Gabriela Carvalho, the EPA’s Red Hill project coordinator, said the action plan is expected to be a collection of all the environmental work that is underway and that needs to be done to remediate contamination from Red Hill fuel releases and restore the polluted groundwater.
“The goal of the action plan is to communicate with key stakeholders and the public how remediation of Red Hill contamination will happen over the next several years,” she said during a Nov. 9 Fuel Tank Advisory Committee meeting.
“Progress on developing this action plan has been stalled over the last couple months because the Navy hasn’t been able to commit to participate,” said Carvalho. “We hope that the Navy will commit to participating. We have been in discussions with high-level Navy personnel about this, and we are hopeful that those discussions will continue.”
Rear Adm. Stephen Barnett, commander of Navy Region Hawaii, told the Honolulu Star- Advertiser during the meeting that defense officials in Washington, D.C., are still working out details about what level of participation there will be from the Navy.
“We will be participating; we are just trying to fine-tune the level of participation,” said Barnett.
During a follow-up interview last week, Carvalho said there was no update on the Navy’s participation.
The Navy has for months pledged transparency and collaboration, and the roundtable is intended to facilitate the sharing of information with key agencies that have a stake in water protection. In addition to the EPA and state Department of Health, which have regulatory authority over Red Hill, the committee includes the Honolulu Board of Water Supply, which supplies most of Oahu’s drinking water and is entrusted with protecting the resource, the Commission on Water Resource Management, which ensures that water is pumped from wells at sustainable levels that protect the aquifer, and the U.S. Geological Survey, which lends its scientific expertise.
The Pentagon announced in March that it would permanently shut down the Red Hill facility, which includes 20 underground fuel tanks and a system of pipelines that extend to Pearl Harbor.
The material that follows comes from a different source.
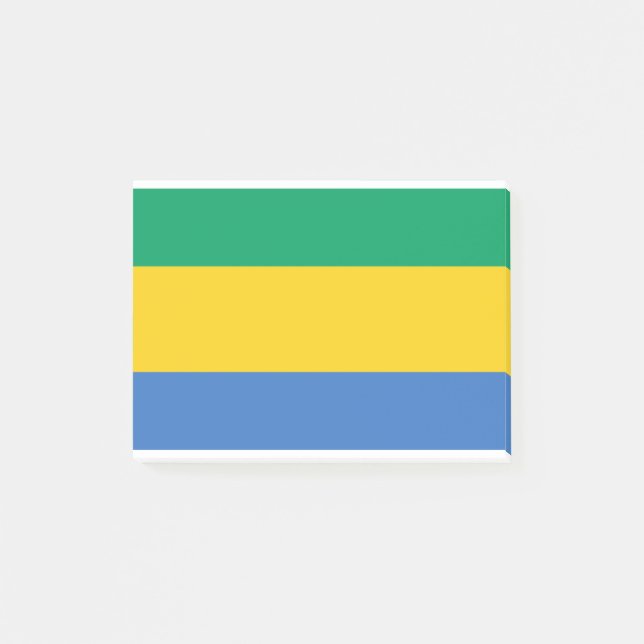 Gabon Flag Post-it Notes (Front)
The decision was made amid a public backlash against the Navy after fuel from the facility leaked in 2021 and contaminated the Navy’s drinking water system, which serves about 93,000 customers in and around Joint Base Pearl Harbor-Hickam.
Closure of the facility triggers environmental requirements, including an investigation into historic fuel releases at the site and an analysis of what remediation is needed.
Navy documents and records that date back to the 1940s, when the facility was constructed, indicate that there may have been at least 76 fuel leaks from Red Hill over the decades totaling 180,000 gallons of fuel. However, records are spotty.
Some of the remediation efforts began in 2015, when the Navy signed on to an administrative order of consent with the EPA and DOH following a 27,000- gallon fuel leak from the facility. Other cleanup requirements are being driven by an interagency drinking water team formed to deal with the immediate emergency of 2021’s drinking water contamination and other state regulatory requirements, according to the EPA.
The roundtable “is really a way to sit down and meet with these key water protection and public trust agencies to share information and make sure that as work is underway, as it has been underway, to remediate contamination that these key stakeholders have an opportunity to provide input early and often throughout the process,” Carvalho told the Star-Advertiser.
Part of the remediation efforts include drilling monitoring wells to determine where fuel contamination may be migrating. While most of those wells are being overseen by the Navy, the Honolulu Board of Water Supply is also installing monitoring wells.
“The Navy has been very open in sharing with us recently the potential locations, and we are trying to collaborate on that so we are working together,” said Lau. “But I think that the regulators also need to be on board, and I think this roundtable needs to proceed as soon as possible.”